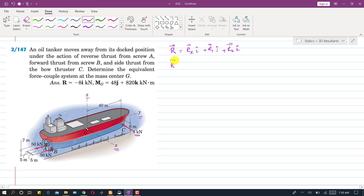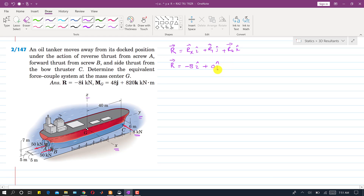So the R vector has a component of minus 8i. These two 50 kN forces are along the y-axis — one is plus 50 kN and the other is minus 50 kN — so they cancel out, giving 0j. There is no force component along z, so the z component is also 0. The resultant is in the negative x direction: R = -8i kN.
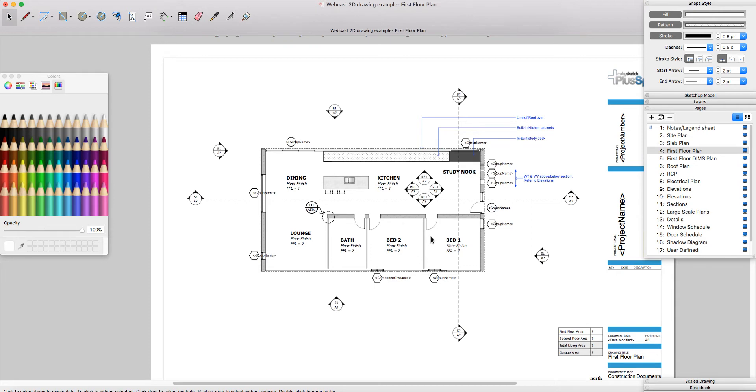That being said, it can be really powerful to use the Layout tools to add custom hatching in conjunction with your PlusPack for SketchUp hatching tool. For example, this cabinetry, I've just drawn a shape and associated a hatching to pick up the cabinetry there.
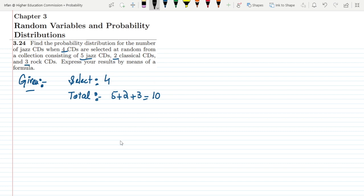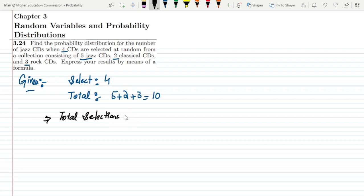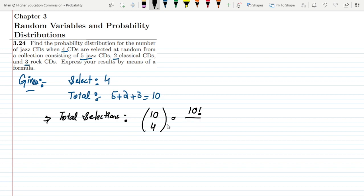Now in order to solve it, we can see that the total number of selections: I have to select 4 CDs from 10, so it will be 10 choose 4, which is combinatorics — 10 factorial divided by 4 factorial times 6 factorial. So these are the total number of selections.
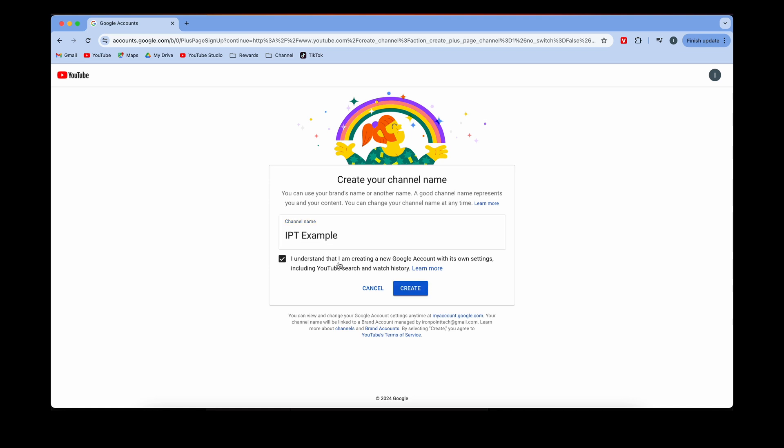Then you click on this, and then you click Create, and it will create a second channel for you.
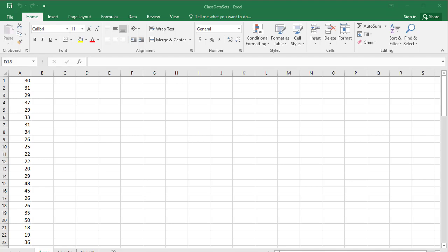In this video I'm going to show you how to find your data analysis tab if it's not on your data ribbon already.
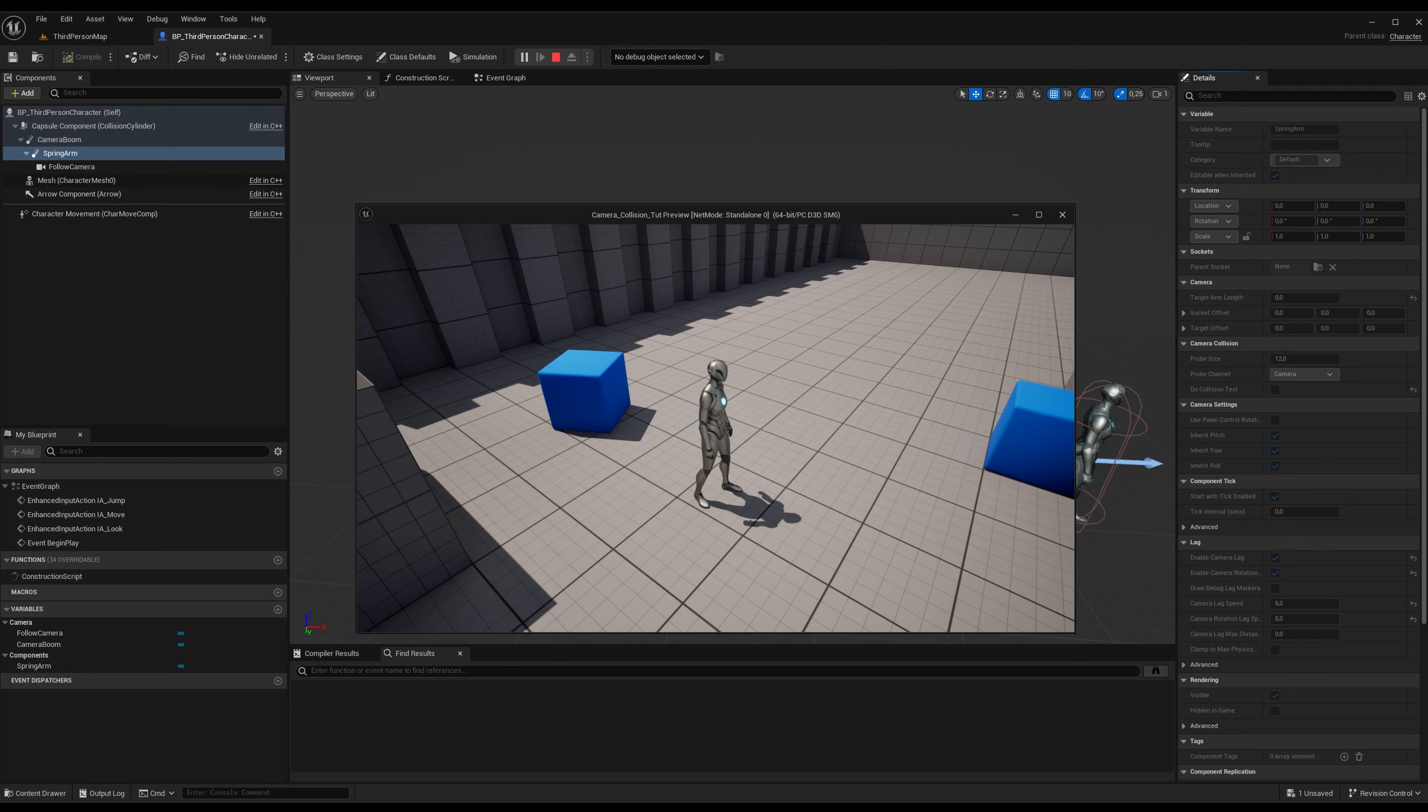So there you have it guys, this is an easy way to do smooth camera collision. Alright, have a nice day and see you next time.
****
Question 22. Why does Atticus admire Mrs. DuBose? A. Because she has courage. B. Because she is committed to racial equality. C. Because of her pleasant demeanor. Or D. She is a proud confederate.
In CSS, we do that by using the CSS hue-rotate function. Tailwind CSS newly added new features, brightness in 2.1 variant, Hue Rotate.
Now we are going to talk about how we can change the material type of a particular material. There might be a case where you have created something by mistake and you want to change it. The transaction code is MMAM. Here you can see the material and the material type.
****
■ WHAT THE TASK REQUIRES ■
Please return the lines above that run from the line containing "In CSS, we do" to the line containing "Now we are going", inclusive, exactly and with no other lines.

■ YOUR SOLUTION ■
In CSS, we do that by using the CSS hue-rotate function. Tailwind CSS newly added new features, brightness in 2.1 variant, Hue Rotate.
Now we are going to talk about how we can change the material type of a particular material. There might be a case where you have created something by mistake and you want to change it. The transaction code is MMAM. Here you can see the material and the material type.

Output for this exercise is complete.